▶ _Task to complete_: Copy out precisely the lines of the material that follows, beginning with the line containing "Моделька от Bugatti" and ending with its last line; exclude pictures.

▼▼▼

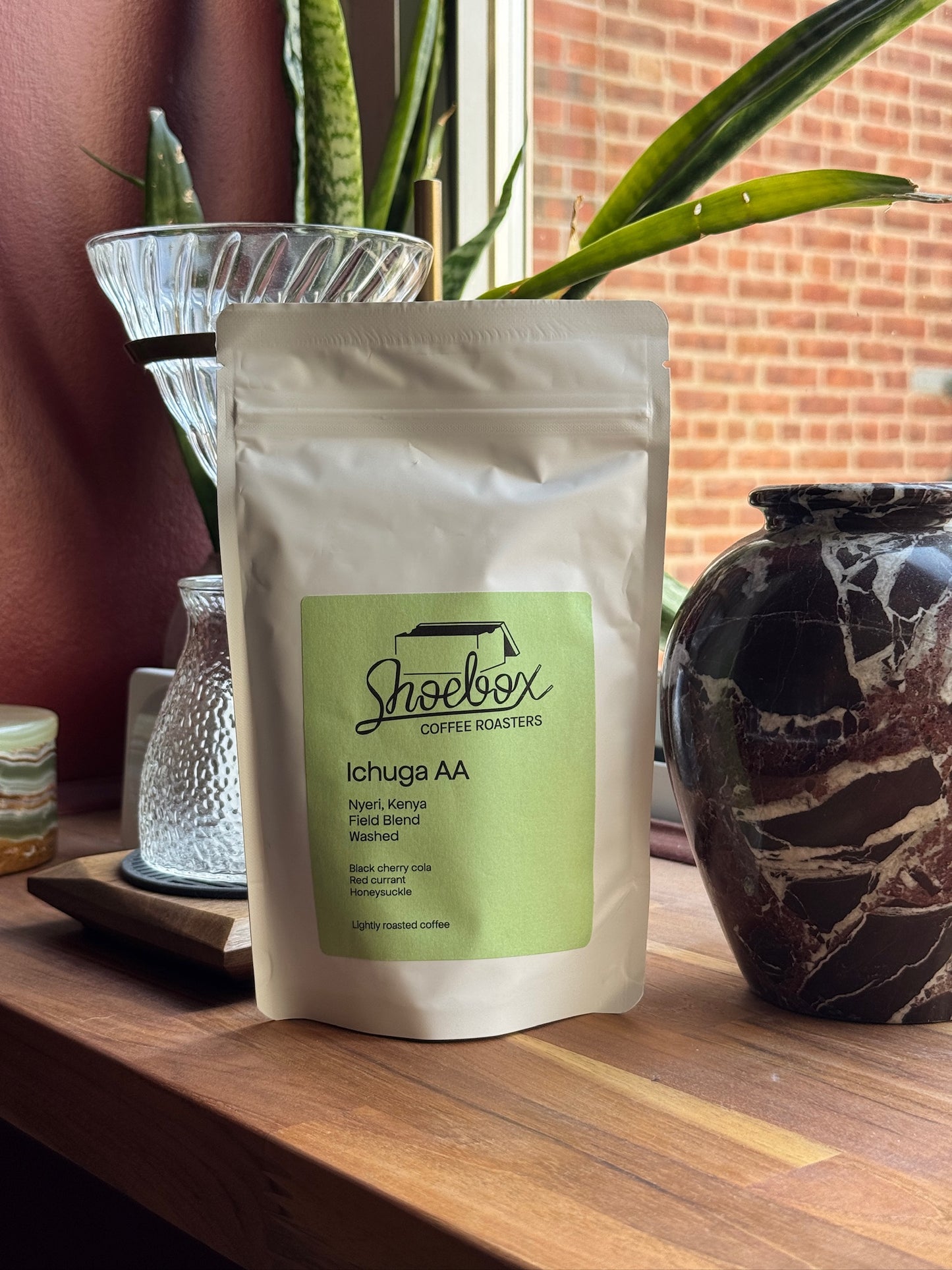 ICHUGA AA – SL-28, SL-34, BATIAN, RUIRU, WASHED - KENYA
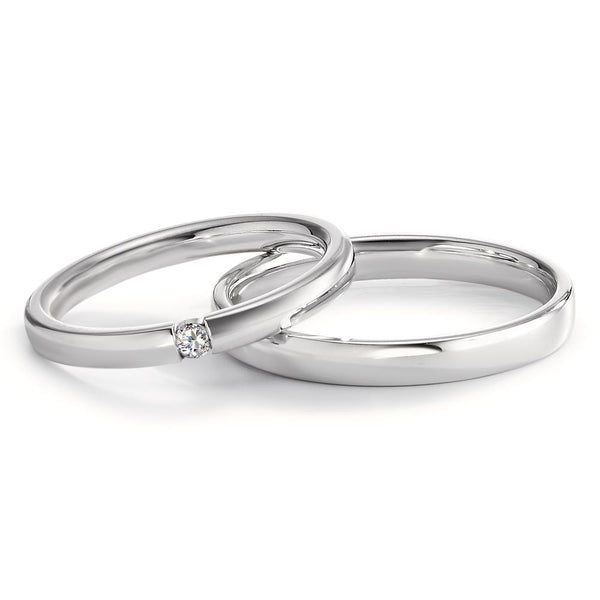 Partnerring 950 Platin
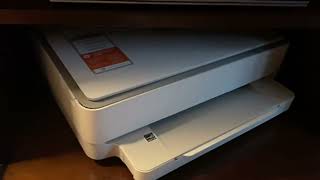 HP ENVY 6055e Wireless Color Inkjet Printer Print scan copy Easy setup Mobile printing Best fo [upl. by Offen]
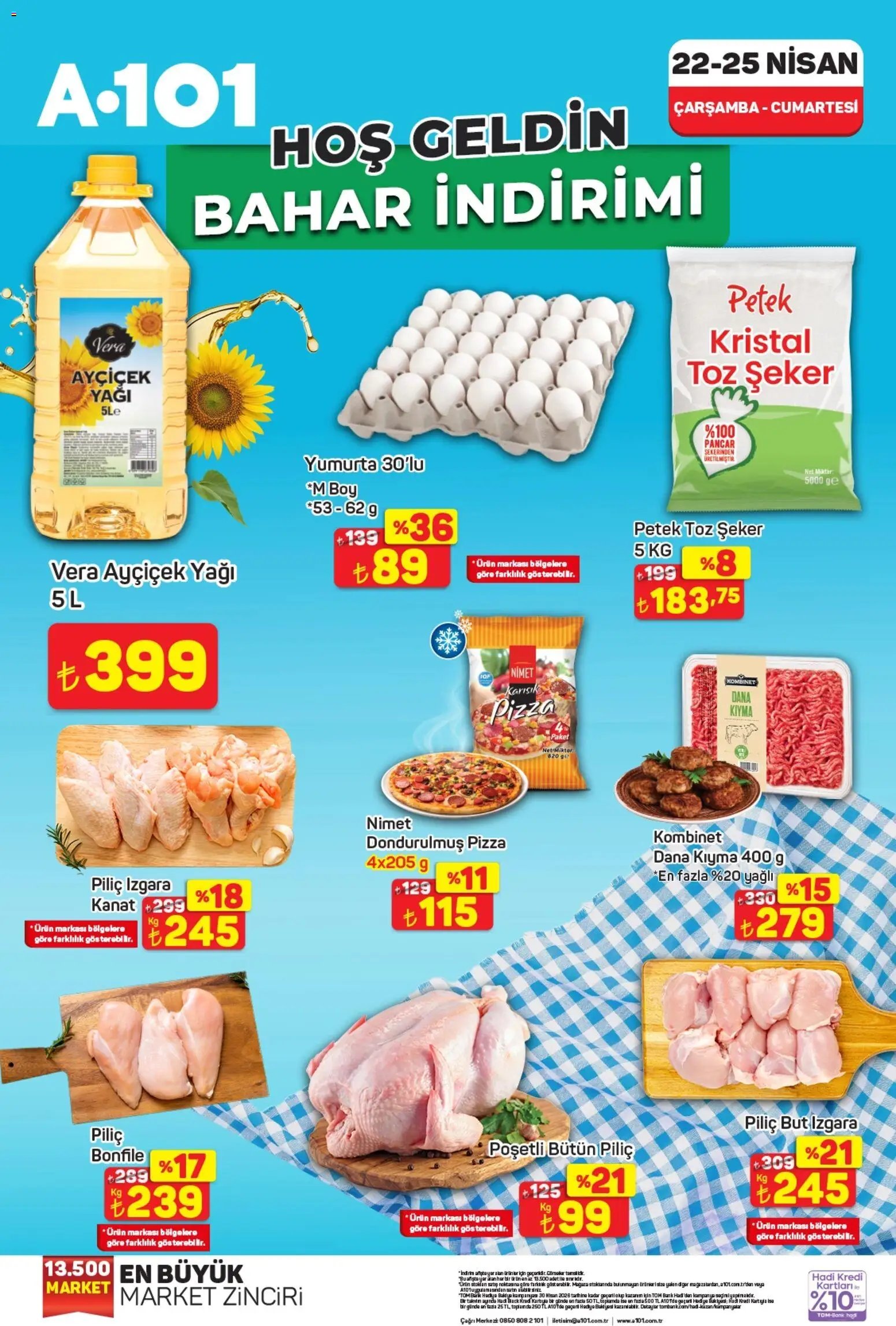 A101 - Bahar indirimi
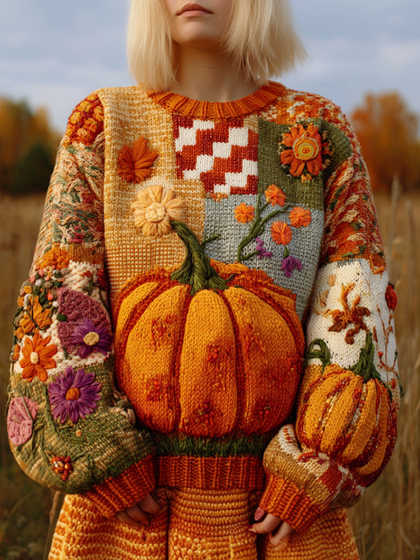 Weekend Buttoned Sweater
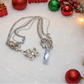 A Heart and Crystal for You Necklace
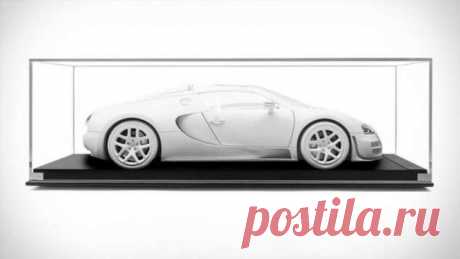 Моделька от Bugatti по цене реального автомобиля . Тут забавно !!!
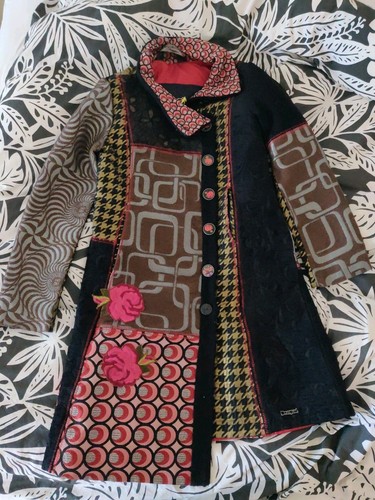 Damenmantel desigual größe - desigual,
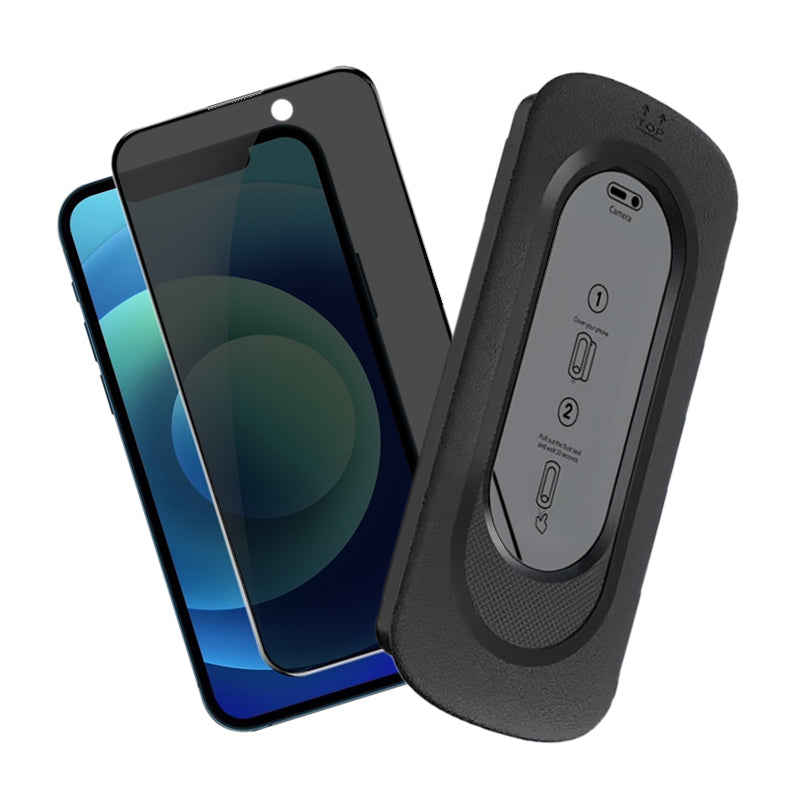 Easy Tray Privacy Glass Screen Protector (iPhone 13)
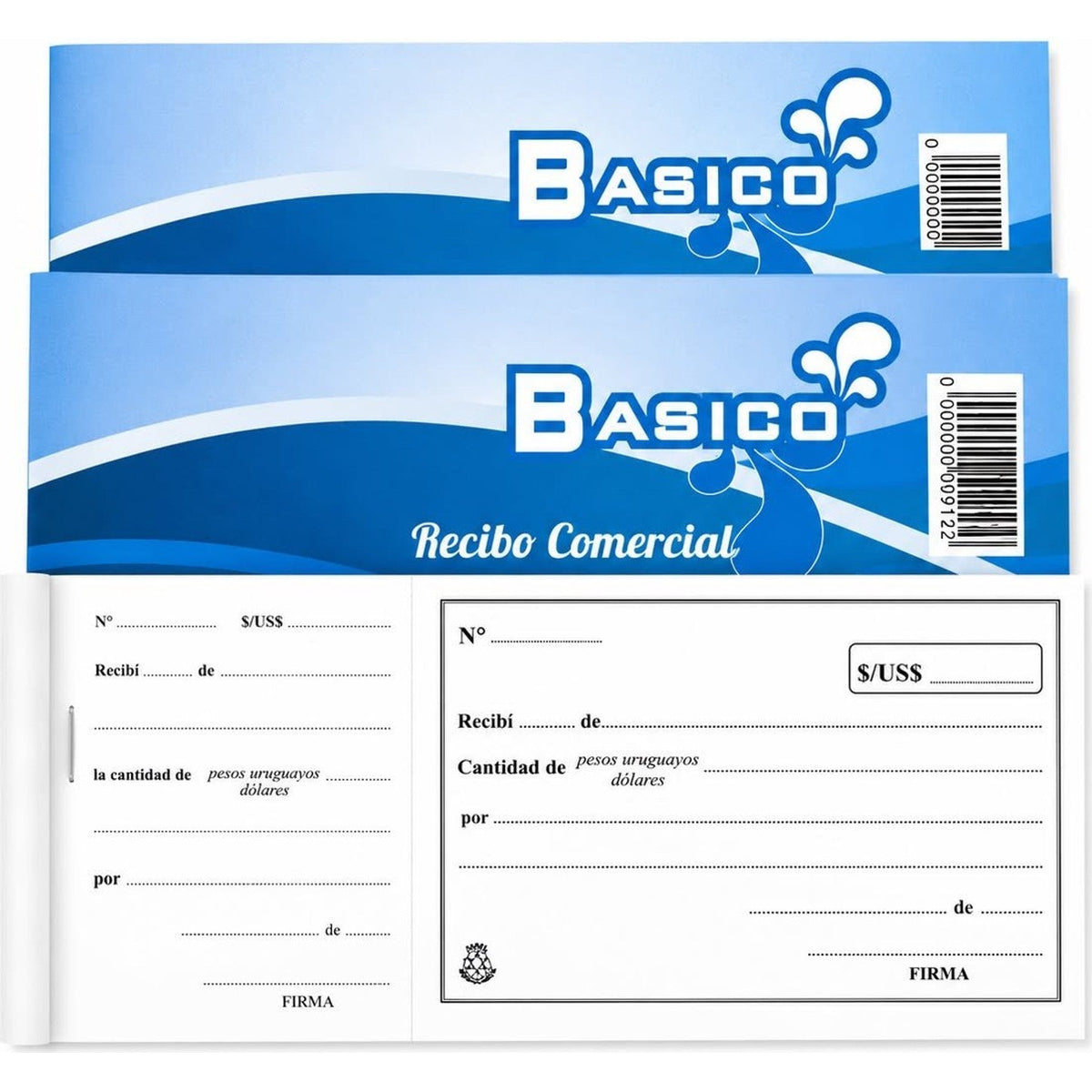 RECIBO COMERCIAL CHICO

▲▲▲

▶ _Answer to this exercise_:
 Моделька от Bugatti по цене реального автомобиля . Тут забавно !!!
 Damenmantel desigual größe - desigual,
 Easy Tray Privacy Glass Screen Protector (iPhone 13)
 RECIBO COMERCIAL CHICO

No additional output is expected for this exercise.